■ About this exercise ■
Return the listing exactly, please; no pictures.

■ Given material ■
━━━━━━━━━━━━━━━━

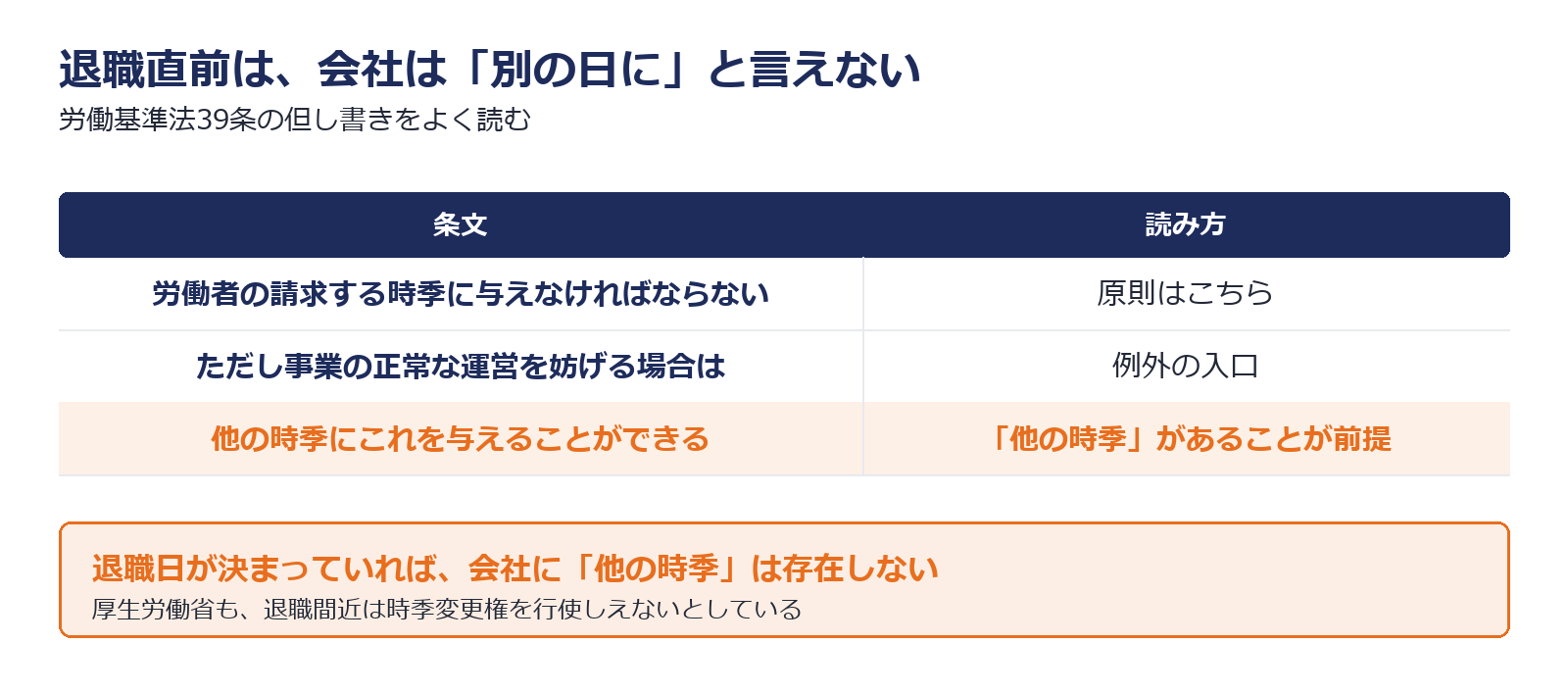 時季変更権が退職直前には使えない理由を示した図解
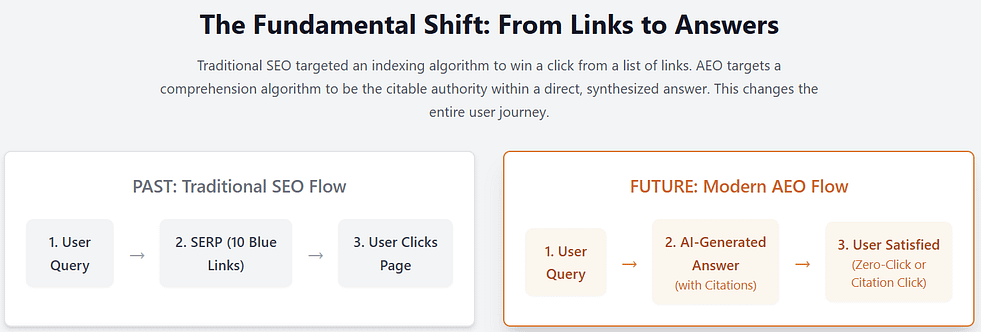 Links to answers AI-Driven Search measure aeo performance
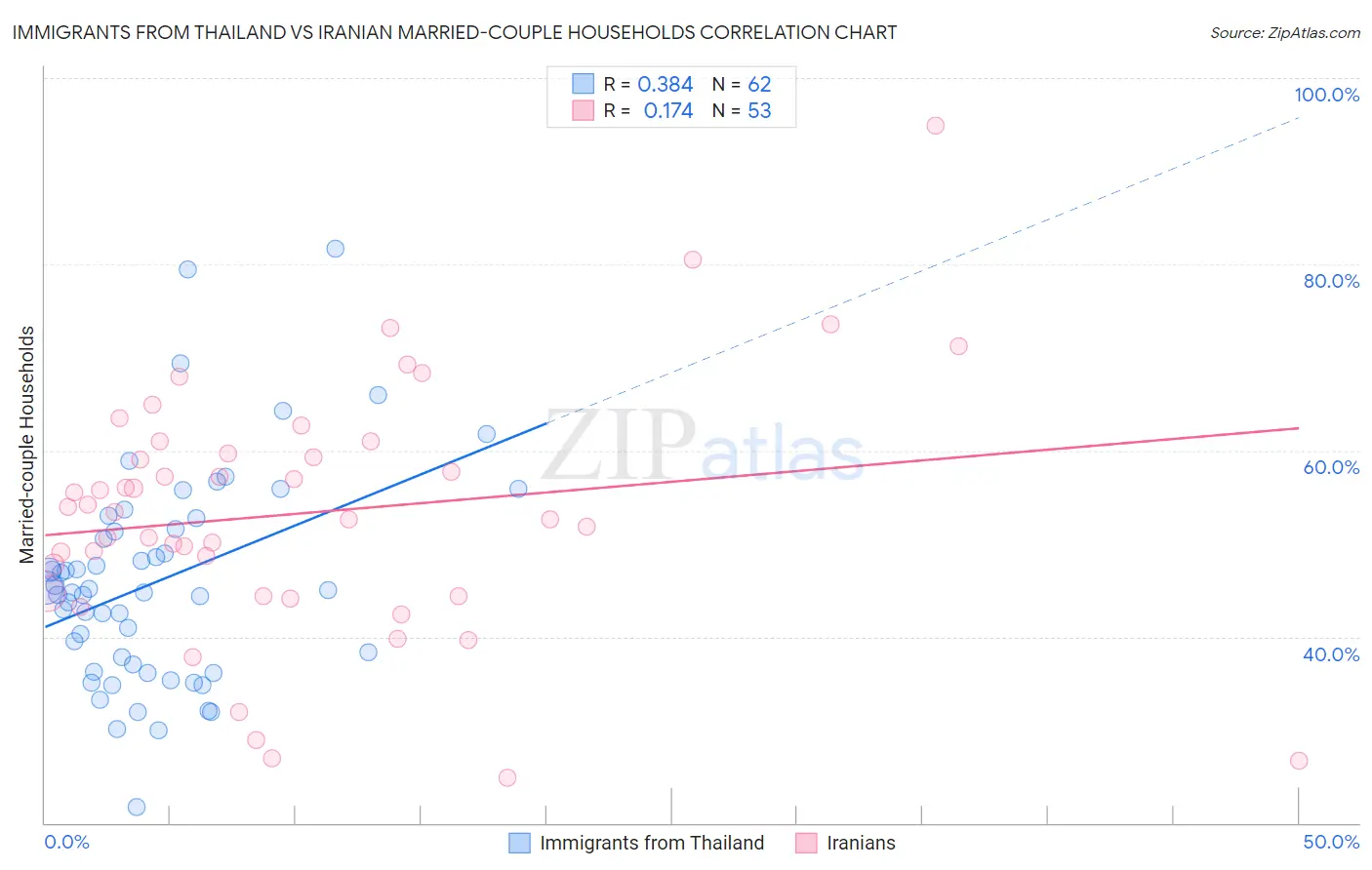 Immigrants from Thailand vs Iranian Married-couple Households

━━━━━━━━━━━━━━━━

■ Solution for this problem ■
 時季変更権が退職直前には使えない理由を示した図解
 Links to answers AI-Driven Search measure aeo performance
 Immigrants from Thailand vs Iranian Married-couple Households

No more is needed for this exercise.